# Task to carry out
Each line of the data below goes into the copy exactly; pictures do not.
### Collected data ###
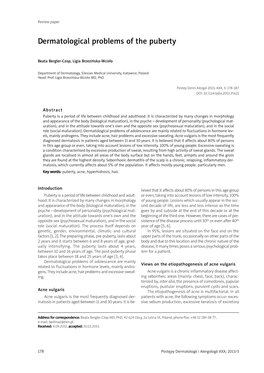 Dermatological Problems of the Puberty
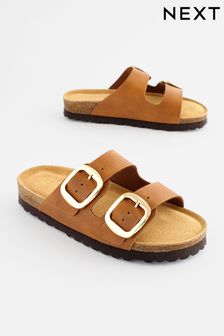Tan Brown Corkbed Double Strap Sandals (675124) | KRW36,300 - KRW51,200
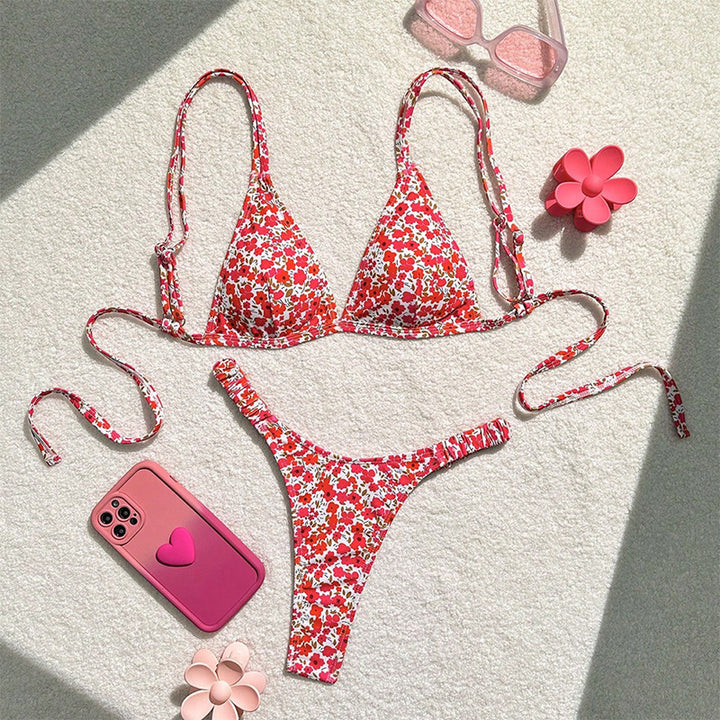 Damen Triangel-Bikini mit buntem Blumendesign und verstellbaren Trägern Drune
###
# Response
 Dermatological Problems of the Puberty
Tan Brown Corkbed Double Strap Sandals (675124) | KRW36,300 - KRW51,200
 Damen Triangel-Bikini mit buntem Blumendesign und verstellbaren Trägern Drune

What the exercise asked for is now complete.